● TASK OBJECTIVE:
Each line from the one that holds "Un panier daccessoires" to the end of the entries is to be given again exactly. Do not include pictures.

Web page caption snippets
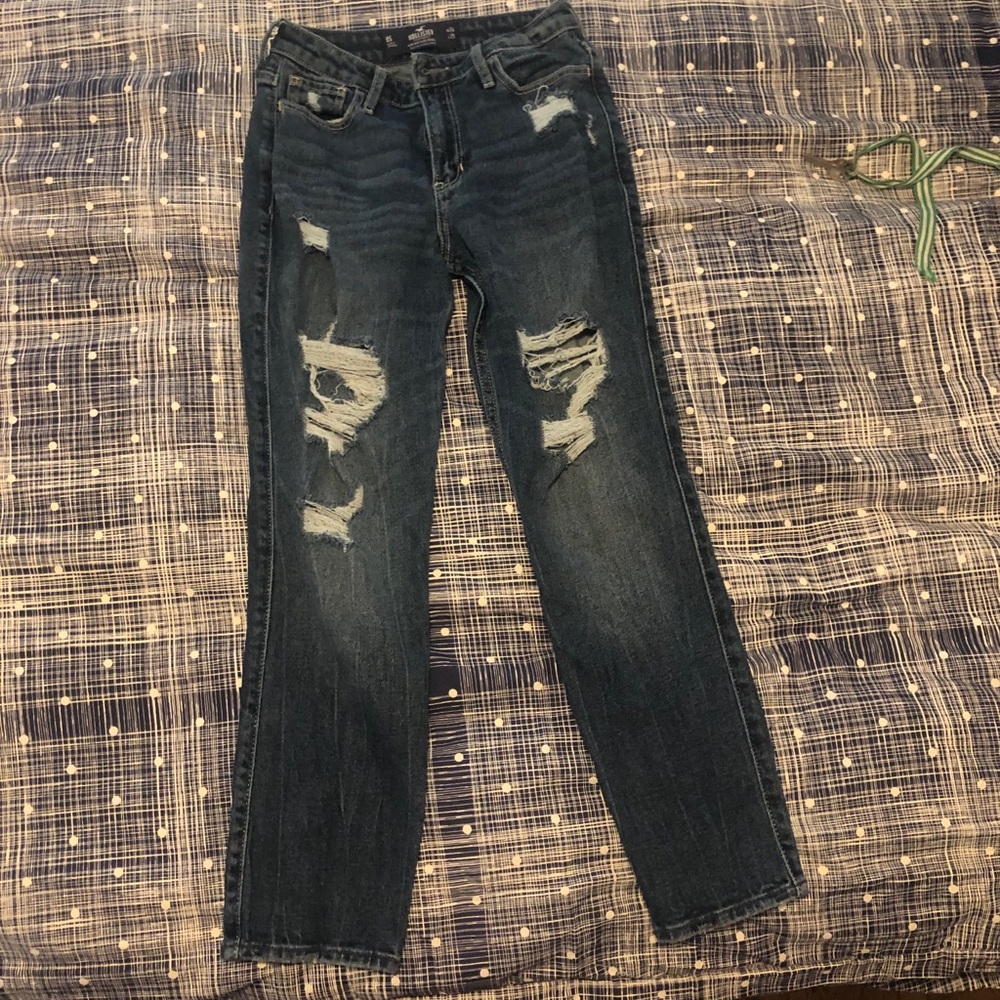 Hollister mom jeans!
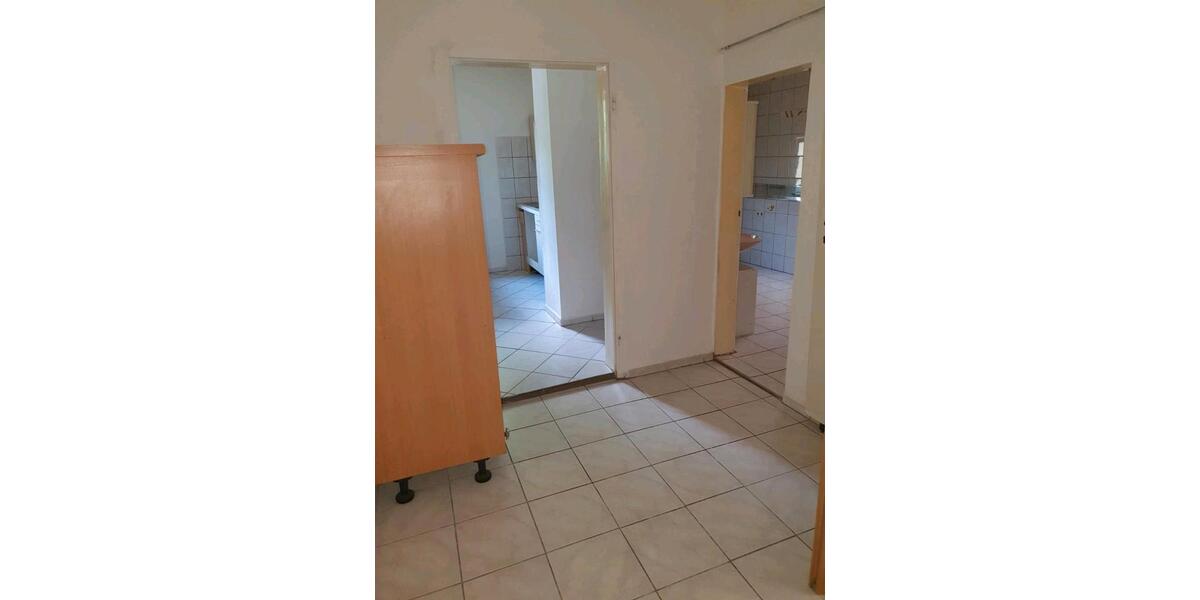 Etagenwohnung Sonneberg - 35 Zimmer, 95 m&sup2;, 800&euro; | Angebot:26254055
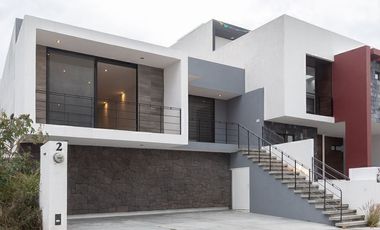 CASA AMUEBLADA EN RENTA EN ZIBATÁ QRO.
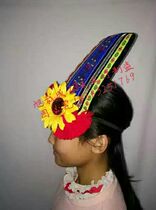 Un panier daccessoires automnaux La tête de danse folklorique Qiang décorée avec un chapeau de décoration Loudhead pour tous les types de coiffures ornementales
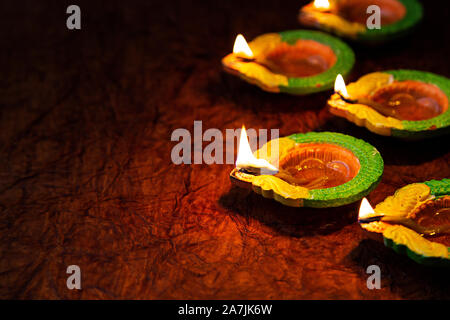 Brennende Diyas Öllampen Beleuchtung leuchtet auf - Diwali Festival Indien Stockfoto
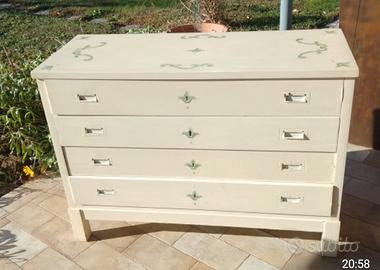 Cassettiera stile shabby chic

● RESULT OF THE TASK:
 Un panier daccessoires automnaux La tête de danse folklorique Qiang décorée avec un chapeau de décoration Loudhead pour tous les types de coiffures ornementales
 Brennende Diyas Öllampen Beleuchtung leuchtet auf - Diwali Festival Indien Stockfoto
 Cassettiera stile shabby chic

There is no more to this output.